1.1.      Het verloop van de procedure blijkt uit de volgende stukken:

  • de klacht (met bijlagen), door de kamer per post ontvangen op 15 augustus 2022;
  • het verweerschrift (met bijlagen) van de notaris per post ontvangen op 20 september 2022;
  • de bij e-mailbericht van 29 december 2022 ontvangen bijlagen 3 en 4 van klaagster.

1.2.      De klacht is mondeling behandeld op de openbare zitting van de kamer van 16 januari 2023.
Klaagster en de notaris (bijgestaan door zijn gemachtigde) zijn daarbij aanwezig geweest en hebben hun standpunten over en weer toegelicht. Klaagster en de notaris hebben dit mede gedaan aan de hand van pleitnotities, die zij aan de kamer hebben overhandigd.

2.         De feiten

De klacht gaat over de wijze waarop de notaris in 2017 het testament van de vader van klaagster heeft opgesteld. Daarnaast verwijt klaagster de notaris dat hij niet onafhankelijk en/of onpartijdig heeft gehandeld. Voor de beoordeling van de klacht acht de kamer de volgende feiten van belang.

2.1.      De vader van klaagster heeft op 5 en 6 november 2015 het moederlijk erfdeel van in totaal € 120.478,06 inclusief rente aan de zus van klaagster, [Z], overgemaakt. Over het niet uitbetaalde moederlijk erfdeel van klaagster was vader ingevolge moeders testament aan klaagster een rente verschuldigd van 6% per jaar.

2.2.      Op 13 november 2015 heeft de vader van klaagster een testament bij de notaris op laten stellen. De zus van klaagster werd daarin benoemd tot enig erfgename. Ter zake van klaagster was in het testament bepaald:

LEGAAT

Ik legateer aan mijn dochter, [X], (…), ten laste van de erfgename: een bedrag in geld gelijk aan haar erfdeel indien zij als erfgename in mijn nalatenschap was geweest.’

2.3.      De vader van klaagster heeft bij testament van 1 november 2017 zijn testament uit 2015 herroepen en opnieuw bepaald dat zijn dochter, [Z], benoemd wordt tot enig erfgename. Ter zake van klaagster is in het testament bepaald:

LEGAAT AAN DOCHTER [X]

Ik legateer ten laste van mijn erfgename aan mijn dochter, [X], (…), een bedrag gelijk aan vijfentwintig procent (25%) van het saldo van mijn nalatenschap.

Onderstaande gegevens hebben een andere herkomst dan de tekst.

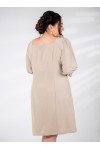 121858 Beige Дамска рокля в макси размери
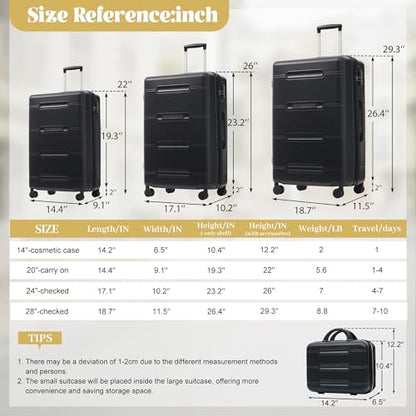Merax Luggage Set 6 Piece,Lightweight Hardshell Suitcase with Double Spinner Wheels Handle Password Lock,14 IN Cosmetic Case 20/24/28 IN Luggages with Duffel Bag and Toiletry Bag,Black - color: Black, style: 14+20+24+28+bags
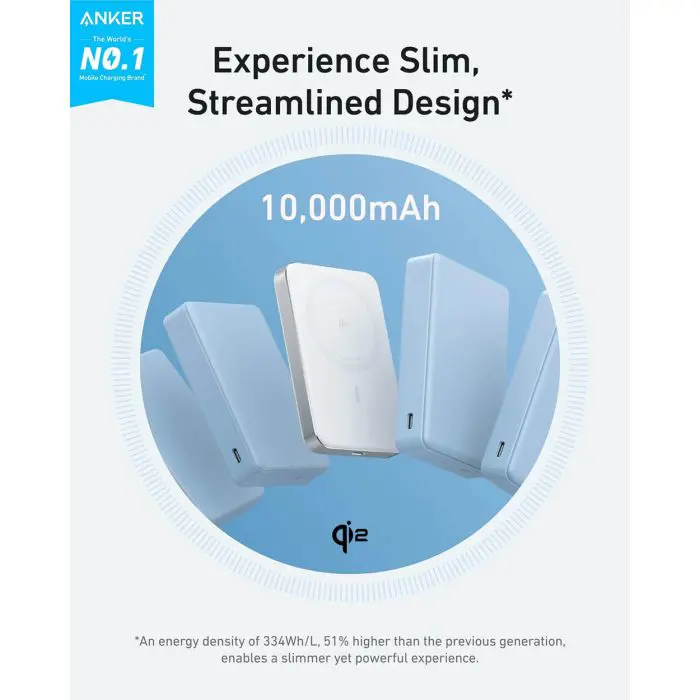 Anker MagGo 10K Slim wireless powerbank, white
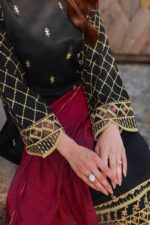 Midnight Elegance - Embroidered Unstitched 3-piece suit - Image 3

Ik benoem mijn dochter [Z] tot mijn enige erfgename en legateer aan mijn dochter [X] vorenbedoeld percentage van het saldo van mijn nalatenschap om de hierna te noemen reden. Het erfdeel van mijn dochter [Z] in de nalatenschap van mijn overleden echtgenote mevrouw [A], moeder van mijn dochters, is reeds aan haar uitgekeerd. Het erfdeel van mijn dochter [X] is thans nog niet uitgekeerd als gevolg waarvan op dit erfdeel thans nog een rente wordt bijgeschreven welke hoger is dan de huidige marktrente. Daardoor neemt laatstgenoemd erfdeel nog in omvang toe zulks in tegenstelling tot het erfdeel dat reeds is uitgekeerd. Om die reden ken ik aan mijn dochter [Z] een groter gedeelte van mijn nalatenschap toe, daar het de bedoeling van mij en hun vooroverleden moeder is geweest om het door ons gezamenlijk opgebouwde vermogen zoveel mogelijk voor gelijke delen aan onze kinderen te doen toekomen.’

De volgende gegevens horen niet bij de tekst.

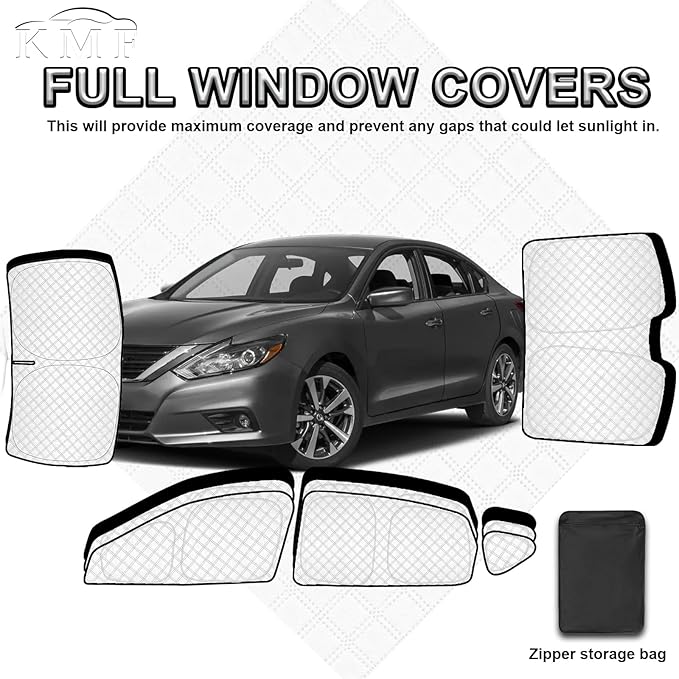 KMF 8pcs Thicken Full Window Sun Shades for Nissan Altima 2013-2018 Accessories,Car Window Covers Sunshade for Windshield Side Rear, UV Block and Privacy Blackout for Car Camping Outdoor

2.4.      Op [datum] 2019 is de vader van klaagster op [leeftijd]-jarige leeftijd overleden.

2.5.      De zus van klaagster heeft aan de notaris opdracht gegeven de nalatenschap af te wikkelen.

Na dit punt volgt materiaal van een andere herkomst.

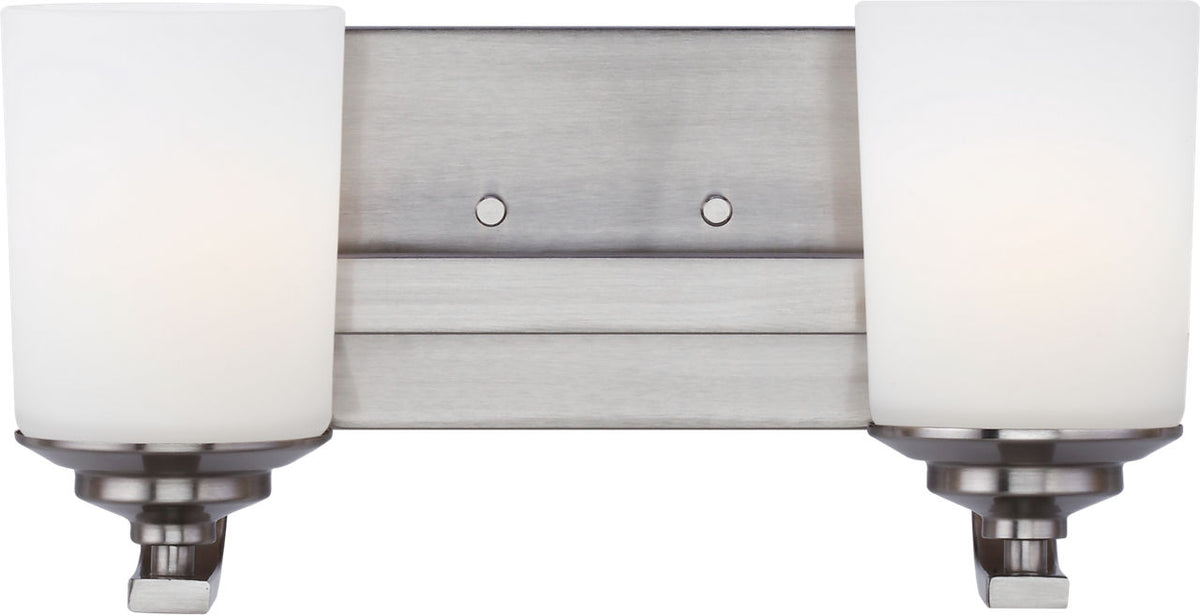 Generation Lighting Kemal 2 light brushed nickel bath vanity wall light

2.6.      Bij brief van 15 november 2019 gericht aan klaagster heeft de notaris onder andere het volgende geschreven:

Uw vader heeft aan u gelegateerd een bedrag gelijk aan 25% van het saldo van de nalatenschap. (…)

Vanwege de nalatenschap van uw moeder heeft u nog een vordering op vader van uw moederlijk erfdeel. Zoals is vermeld in het testament is deze vordering van het moederlijk erfdeel reeds aan uw zuster uitgekeerd.

Over de vordering die u heeft op uw vader is een rente verschuldigd van 6% per jaar.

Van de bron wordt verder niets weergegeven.